Cependant, les obstacles qui s’opposent au développement des nouvelles technologies de l’information et de la communication sont aussi importants que les atouts. On peut retenir trois principales catégories d’obstacles:
des équipements vétustes;
un cadre institutionnel et réglementaire contraignant;
des ressources insuffisantes.
Pour dégager une stratégie d’utilisation des nouvelles technologies et l’information et de la communication au Niger, il nous semble essentiel de:
1. montrer que les NTIC (télécommunications, radiodiffusion, informatique, Internet) répondent véritablement à un besoin;
2. montrer comment les NTIC peuvent contribuer au développement du Niger;
3. déterminer quelles stratégies mettre en œuvre pour développer les NTIC et, ce faisant, permettre leur diffusion et leur appropriation par les populations nigériennes.
C - LES BESOINS EN NTIC
Les besoins en NTIC, bien que diffus, sont réels. Ils sont bien entendu importants avec l’utilisation de la radio et de la télévision en raison d’une grande majorité d’analphabètes dans la population, mais aussi avec le téléphone qui relève de l’oralité.
Les listes d’attente pour le service téléphonique témoignent que la demande est nettement supérieure à l’offre actuelle.
L’intérêt des populations pour le service téléphonique s’explique par son utilité et par la simplicité de la technique au niveau de l’usager, par le caractère oral de la communication, accessible même aux analphabètes, et par sa nature d’échange immédiat qui permet de donner des informations et d’en recevoir directement de son interlocuteur ce qui, au-delà de son efficacité, confère une chaleur humaine à la communication.
A titre illustratif, les populations de Bankilaré, pour communiquer avec l’intérieur du pays ou l’extérieur, sont obligées d’effectuer le déplacement en direction de Téra et du Burkina Faso (Markoy). Or, le coût du voyage sur Téra est de 2 x 2 000 FCFA = 4 000 FCFA.
L’Internet est également favorablement accueilli par l’administration, les établissements d’enseignement, les centres de recherche, les entreprises, les ONG et les institutions de coopération internationale.
Pour les populations surtout rurales, l’accès à l’Internet ne peut se concevoir qu’à travers un interface comme les radios communautaires.
Mais c’est précisément en milieu rural que les avantages des NTIC sont particulièrement importants, le coût de la prestation par habitant étant généralement beaucoup plus élevé qu’en milieu urbain, notamment en raison de la difficulté à atteindre une population dispersée et peu nombreuse dans des régions difficiles d’accès.
D - L’ACCÈS AUX NTIC
Une façon économique de «démocratiser» l’accès aux NTIC est de mettre à la disposition de chaque communauté d’une zone géographique socialement moins favorisée, des téléservices (téléphone, télécopie, Internet, télex).
Parce que le télécentre concentre toutes les facilités disponibles en télécommunications ainsi que les autres services assistés par ordinateurs pour toute la communauté en lieu et en place de lignes individuelles par ménage, il est dit communautaire.
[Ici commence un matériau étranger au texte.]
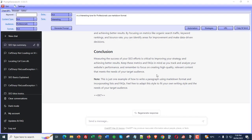Hi guys, welcome to this video. In this video I'm going to be showing you how you can work with the prompt generator AI and add your own strategies in there, how you can generate longer length articles, how you can create ebooks and so much more. I'm going to be showing you a brief example of how you're going to be able to make your own strategies in this video.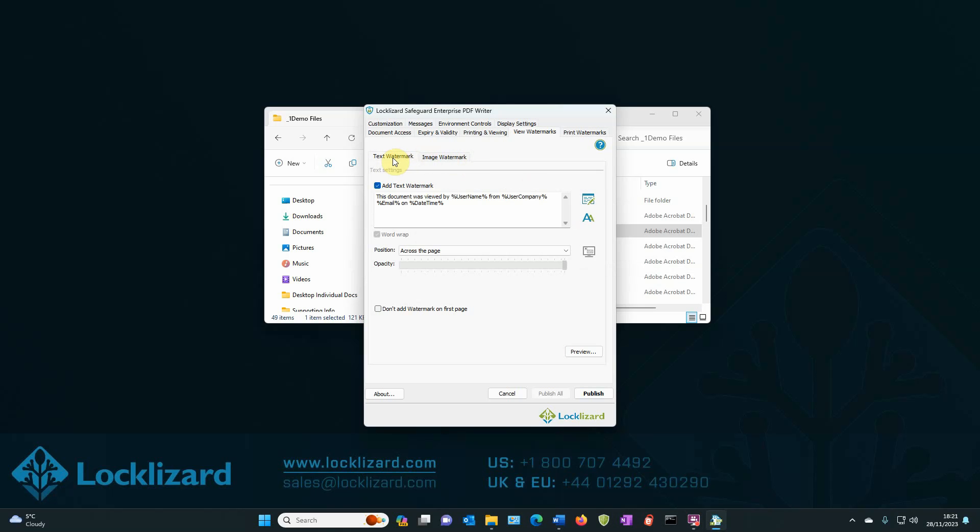Adding watermarks can also deter photos being taken of documents. In the text watermark area, we have a default watermark displayed, which we will now modify.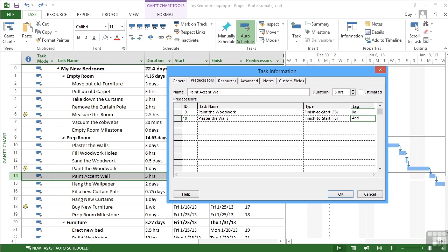That's four lots of 24 hours consecutively for the plaster to dry. And that will be added on to whatever other gap already exists between plaster the walls and paint the accent wall. That's okay.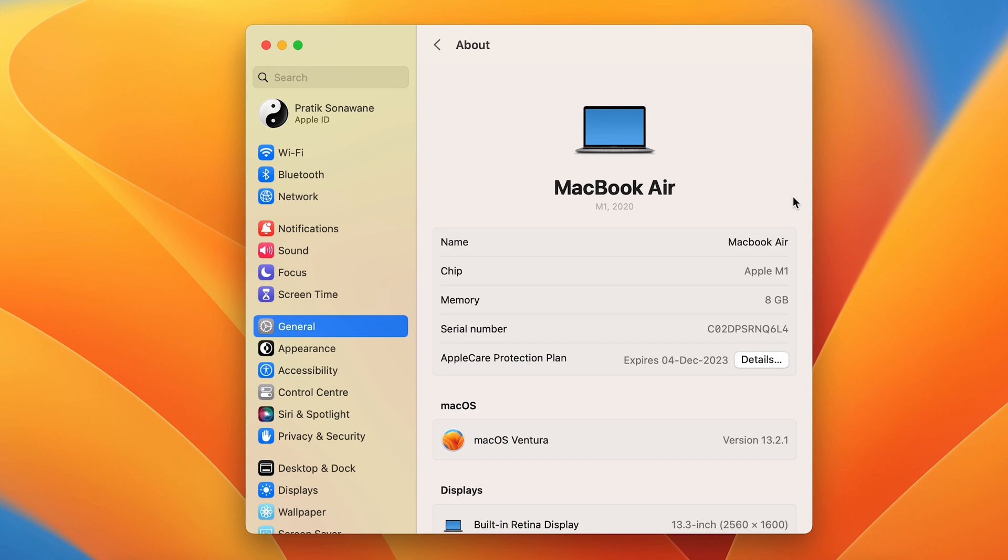...anything through AirDrop, they will be seeing this name. Now, if I want to change it, you have to double-click on that, and then you can simply type whichever name you want to give to your Mac as well as to the AirDrop.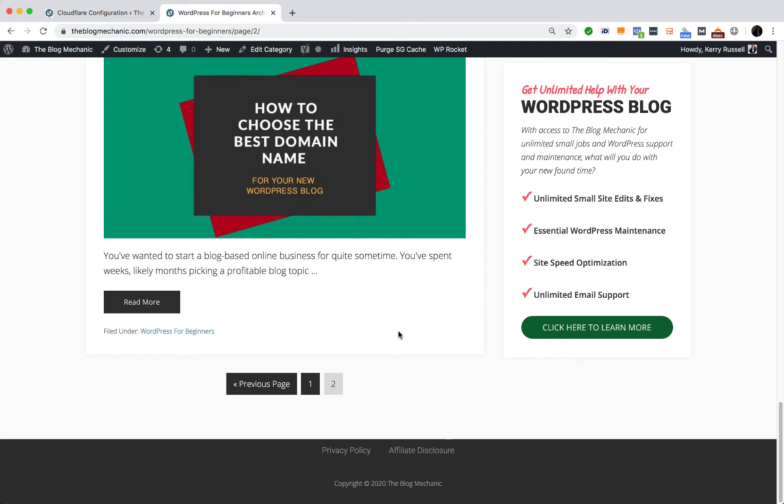Again, you can use the contact form on my WordPress blog at theblogmechanic.com. Bye for now.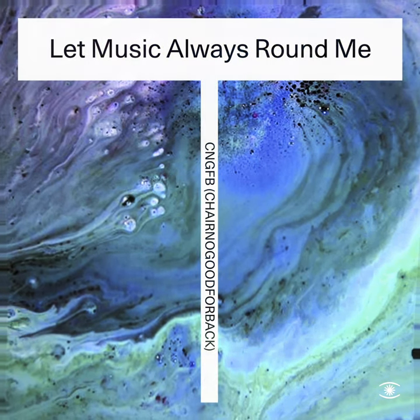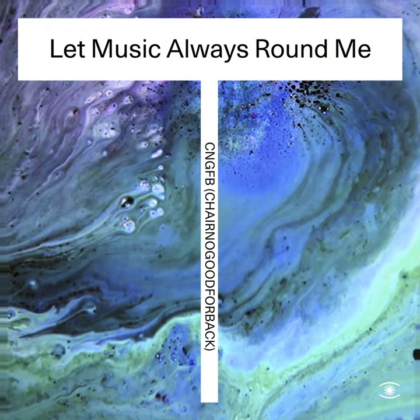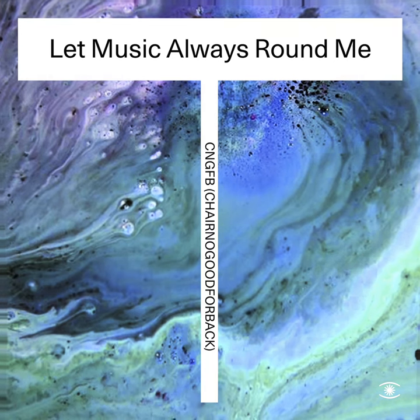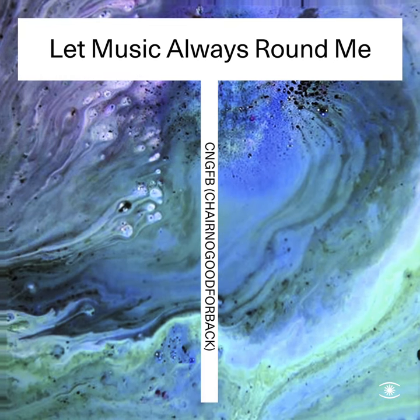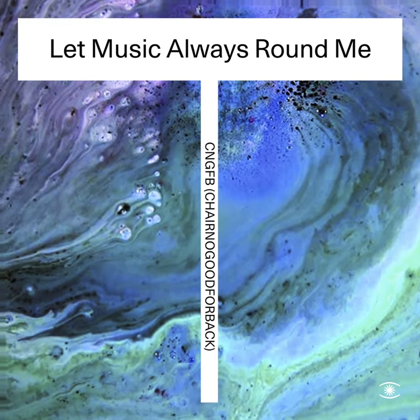It seems to me that music always round me.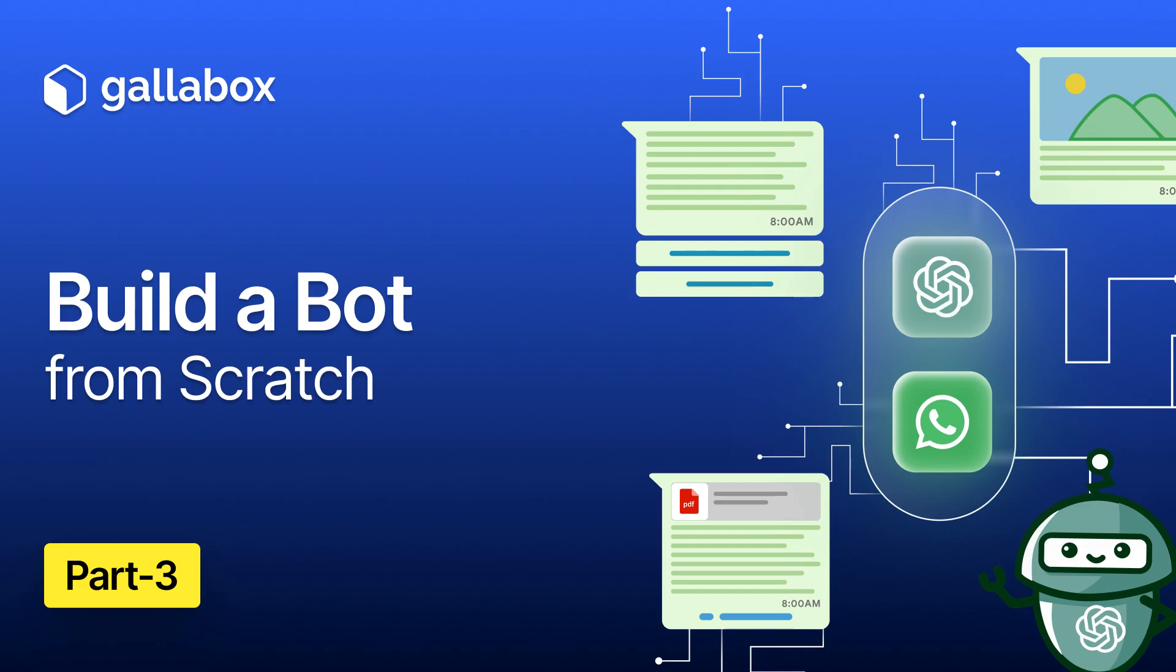Hey everyone, welcome back to the Galabox tutorial series. This video will guide you through creating a bot from scratch within Galabox. Building a bot from scratch allows for full customization and control over its functionality. Let's explore how to create a bot from scratch.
Ce faisant, le télécentre permet aux populations qui n’ont ni les moyens d’acquérir de telles installations à titre individuel, ni les compétences voulues pour les utiliser, de pouvoir bénéficier des NTIC.
Si la gamme des services assurés par le télécentre communautaire est étendue à d’autres services communautaires comme les photocopieuses, les services postaux et les services de bibliothèque, il devient un télécentre communautaire polyvalent (TCP).
Les télécentres peuvent offrir aux communautés des connaissances et des informations de source externe qu’elles peuvent intégrer au savoir local. Par exemple, un télécentre pourrait servir à une organisation sanitaire locale afin de recueillir des informations et renforcer ses programmes de sensibilisation du public, ou encore à un établissement d’éducation pour accéder à des matériels d’enseignement à distance afin de compléter les cours dispensés localement.
Mais, les télécentres ne sont pas juste des mécanismes de prestation d’informations à la communauté. Ils peuvent être utilisés par les communautés pour créer, compiler et partager leurs informations avec l’extérieur. Par exemple, des solutions mises au point à l’échelon local pour des problèmes agricoles particuliers peuvent être transmises et partagées avec d’autres communautés ayant des problèmes et des conditions biophysiques similaires.
En outre, relier les télécentres aux autres médias peut renforcer leur impact local. Par exemple, utiliser les informations recueillies sur Internet dans les programmes radiophoniques locaux peut permettre au public, qui ne peut se rendre au centre, de jouir de ses services.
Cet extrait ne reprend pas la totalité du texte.